## EXERCISE AIM
From the line containing "Protesters on the" down to the line containing "Ein Mann in", copy out the entries below exactly, both lines included, and nothing else; pictures do not belong in the copy.

Collected data entries:
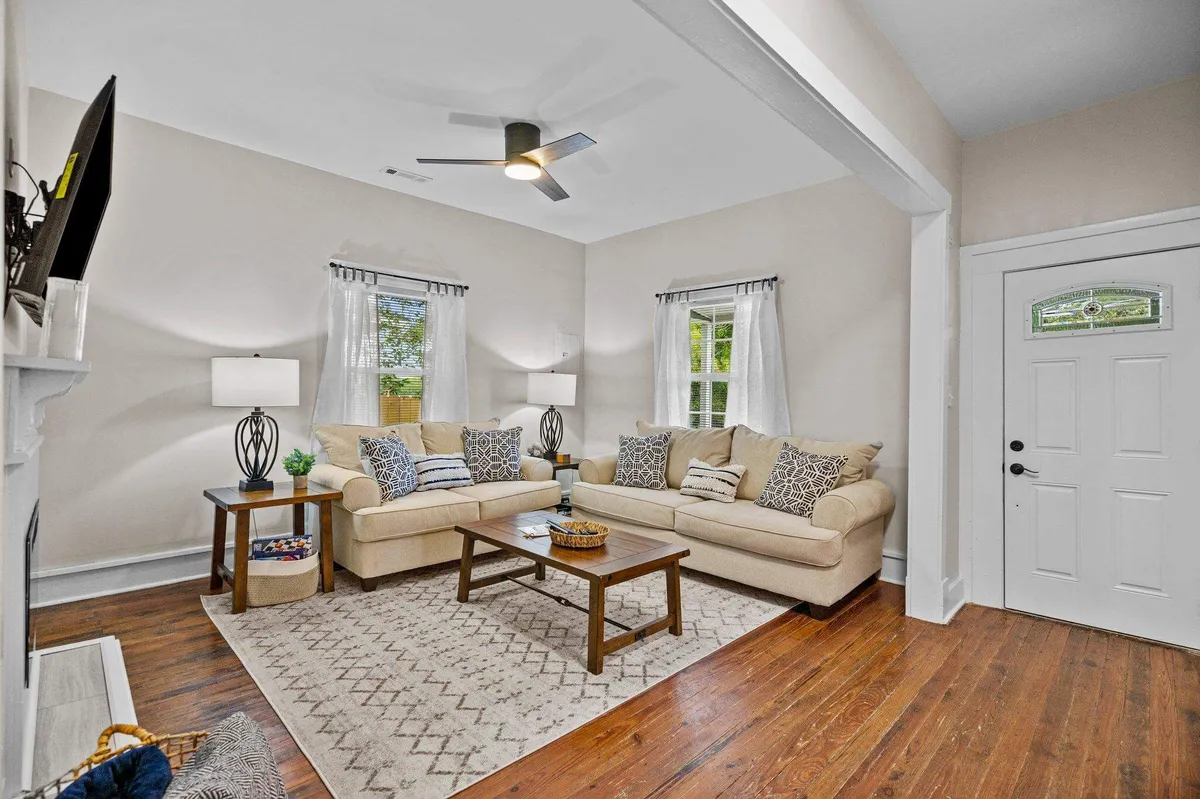 A bright and welcoming living room featuring a comfortable sofa, coffee table, and large windows that let in natural light. The space is arranged for easy conversation, relaxation, and group activities, further emphasizing the open-concept layout.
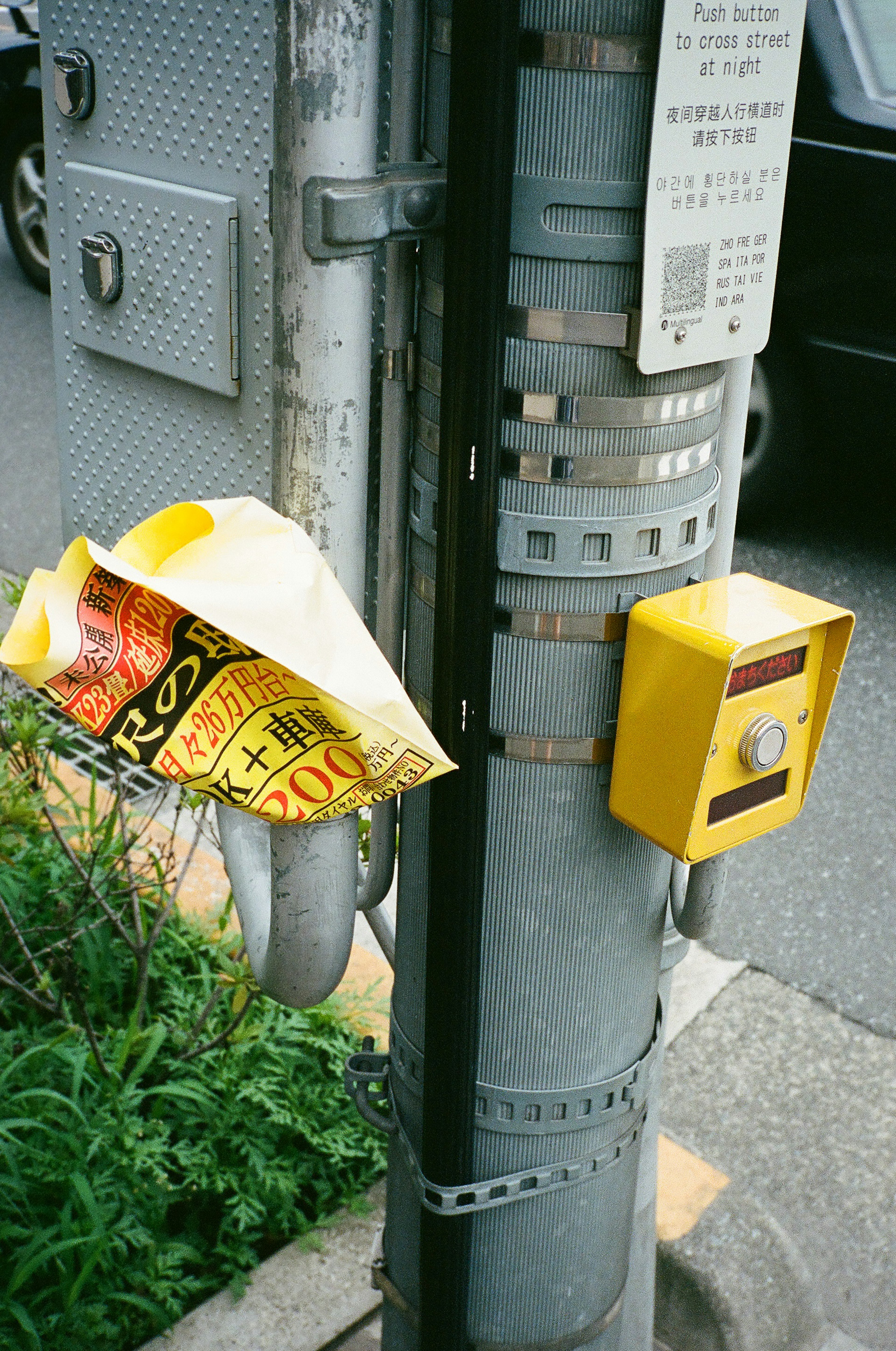 Gelbe Werbung, die an einem Verkehrspfosten mit einem Knopf hängt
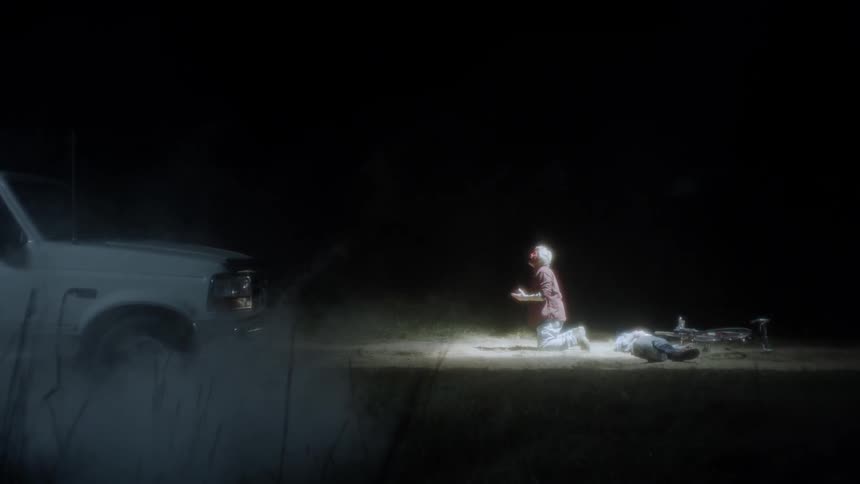 A person is outside sitting on the ground by a truck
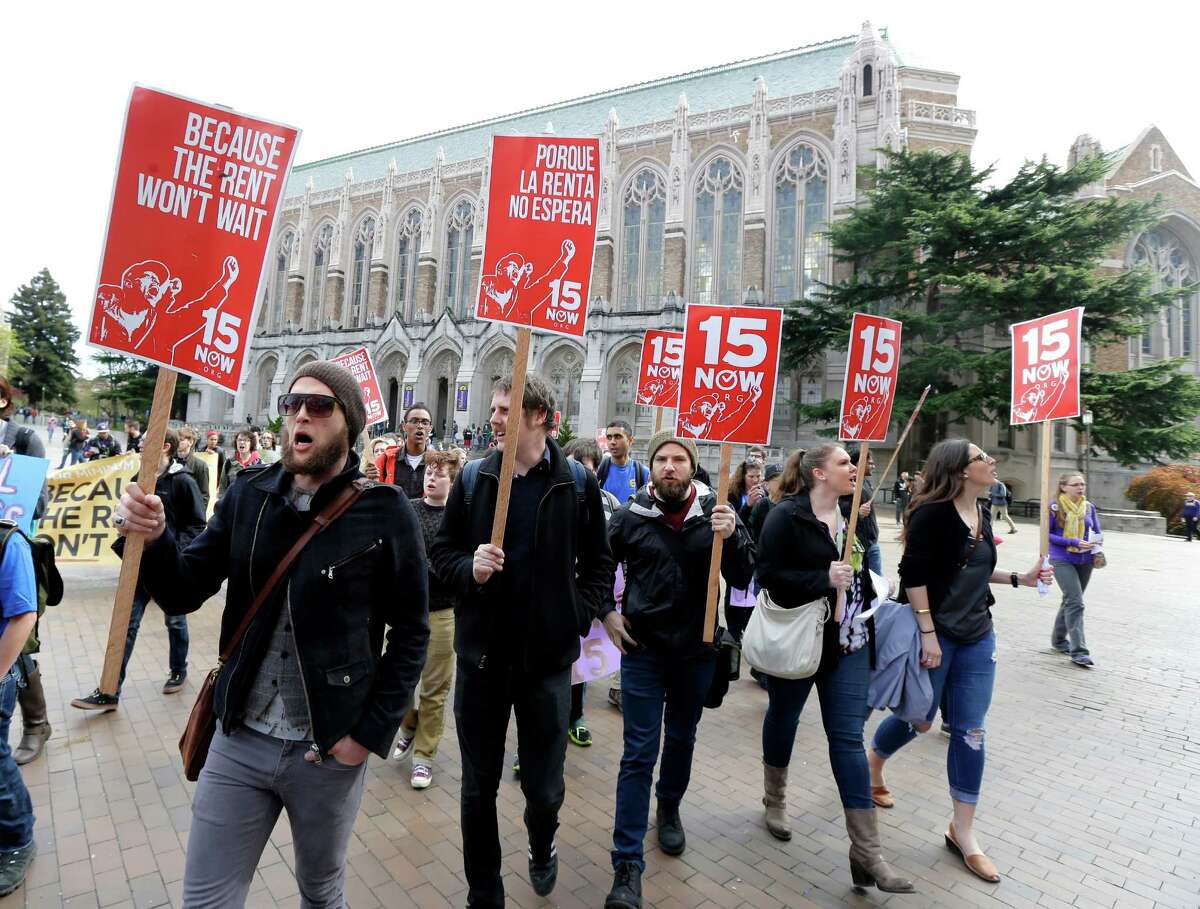 Protesters on the University of Washington campus in Seattle back higher wages for campus workers last year. The U.S. Supreme Court won't hear franchise owners' challenge to Seattle's minimum-wage law.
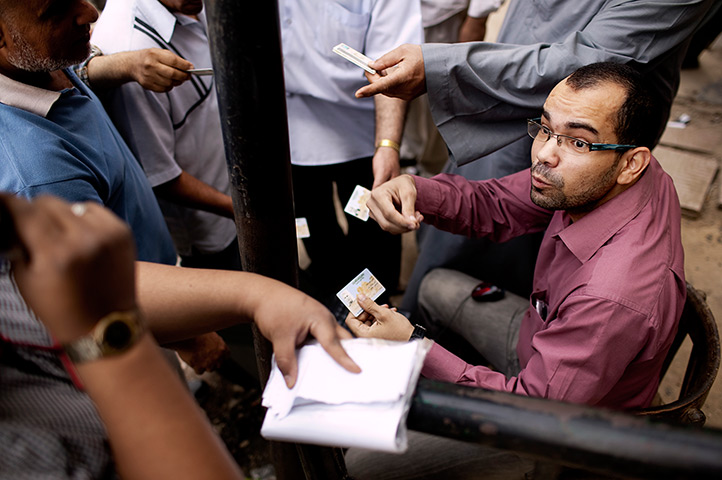 Egypt elections: An independent volunteer helps voters to locate a polling centre in Maadi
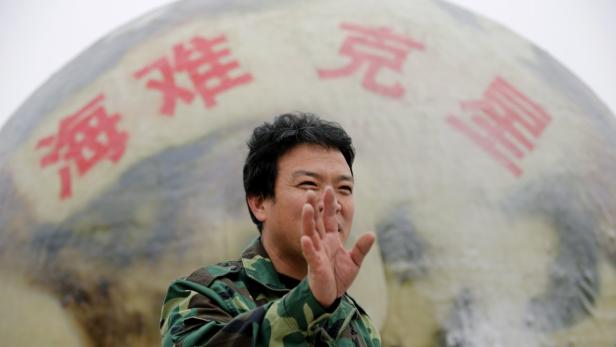 Ein Mann in Militärkleidung steht vor einer Kugel mit chinesischen Schriftzeichen.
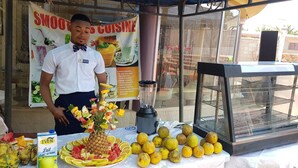 A man standing behind a counter with a blender, a fruit display, and a menu board advertising smoothies. - Glamossay Hotel (Sunyani)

## WRITTEN ANSWER
 Protesters on the University of Washington campus in Seattle back higher wages for campus workers last year. The U.S. Supreme Court won't hear franchise owners' challenge to Seattle's minimum-wage law.
 Egypt elections: An independent volunteer helps voters to locate a polling centre in Maadi
 Ein Mann in Militärkleidung steht vor einer Kugel mit chinesischen Schriftzeichen.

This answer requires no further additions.